College is Coming

Making My Peace With Pulling Away

Junior year was my favorite year when I was in high school, and then it quickly became my favorite year to interact with when I started working in a high school.

All of the ages have their pros and cons, quirks and charms, but for me, juniors have lost much of the awkwardness, uncertainty, and immaturity of the underclassmen – they know their way around, they know how things work, they know the little tricks to open stuck lockers and the best shortcuts – but they haven’t yet gotten a full-fledged case of the apathy that often plagues the seniors. 

Personally junior year was my favorite because I felt like I had my feet firmly on the ground but no one was asking me about college 8 million times a day quite yet. (Also, I’d fulfilled my PE requirement, so I didn’t have to run the mile and could instead take a course on Southern literature.)

Once I hit the fall of my senior year, multiple people wanted to know where I was going to college, and I’m not exaggerating when I said that almost every time someone asked me, I would answer politely that I was still exploring my options … and then I would go throw up.
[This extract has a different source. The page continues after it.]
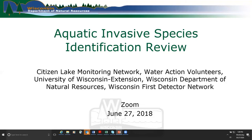We worked on this webinar with the Citizen Lake Monitoring Program, Water Action Volunteers, Wisconsin DNR, and the FIRST Detector Network.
I had never been away from my mom for more than a week. How on earth was I supposed to just … go off to college? Somehow, though, almost miraculously, by that spring, I knew that I was going to not just go away for college but actually go pretty far away to college. My friends who had spent summers abroad or gone to sleepaway camp for a decade before becoming a counselor and continuing to attend for months at a stretch? Most of those people ended up staying within a couple hours’ drive while I, who didn’t even want to attend the senior lock-in, somehow packed up and moved 12 hours away.

I don’t regret it. I think it was a great experience and I’m proud that I managed to make a fresh start, make new friends, learn to live on my own, and even drive in the snow! I think everyone should live somewhere different from where they grew up if possible. It broadens your perspectives and changes your worldview.
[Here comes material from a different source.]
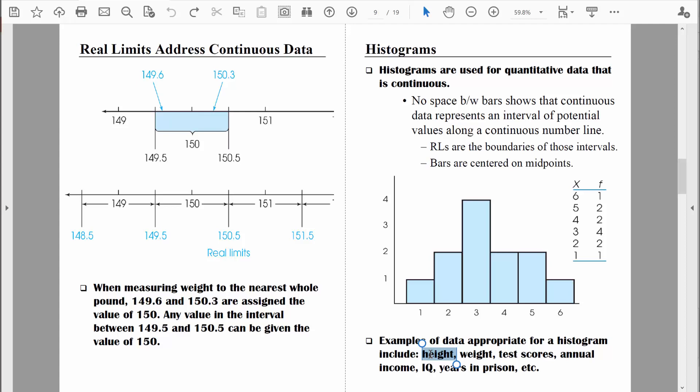In all the examples we've talked about so far, the range of data has been relatively narrow with not that many data points. What if we have a huge range of data points? Frequency distribution tables, bar charts, and histograms might become a little bit too unwieldy. What do we do in that situation? We group the data. So in the next video, we will talk about grouped frequency distribution tables and grouped histograms.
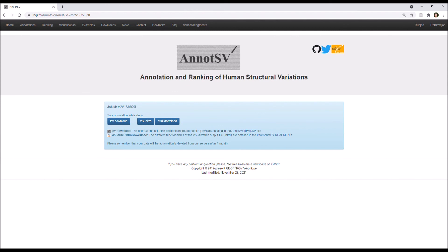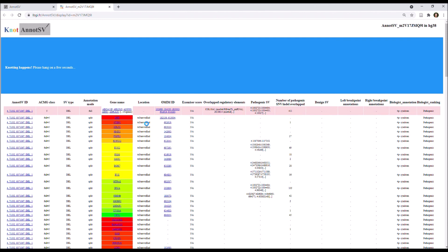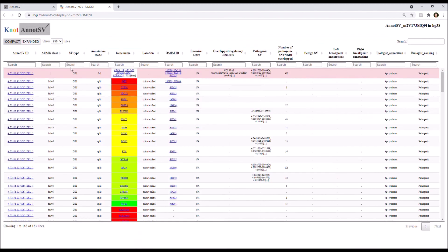Finally, you get the result page where you can either download or visualize directly the result. So, now, you can visualize the result. And actually, we'll go over that in the next video. Thank you for watching. Bye-bye.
But now that I have my own high school junior, I’m sort of wondering how I’m supposed to just … let her go off to college?

Is that really how this all works? You grow a human in your body (or otherwise welcome them into your home) and you raise them for 18 years and you memorize their pediatricians’ phone numbers and wash their hair and halve their grapes and register them for school and drive them to a billion rehearsals and practices and console them when they don’t make Student Council and sleep by their bed when they’re sick and keep straight the foods they love and the foods they hate and wash their PE uniforms and fill their water bottles and teach them to ride a bike and teach them to drive and then they’re just … gone? 

I guess it is. And I guess I should be following my own advice and enjoying junior year because it is the best year because you don’t have to even start stressing about college yet and can just enjoy high school. 

Still, though, I know it’s coming. We get letters and catalogs and thick glossy brochures in the mail every day for colleges from around the world. The PSAT last week counted for real this time. I had to attend the Junior College Kickoff meeting. 

I’m so excited to see where her next path will lead her. But at the same time, every time someone asks me about it, I politely say that she is still considering her options, and then I very much want to throw up.

I’m not ready. But thankfully, I guess I don’t fully have to be yet. 

After all, it’s still just junior year.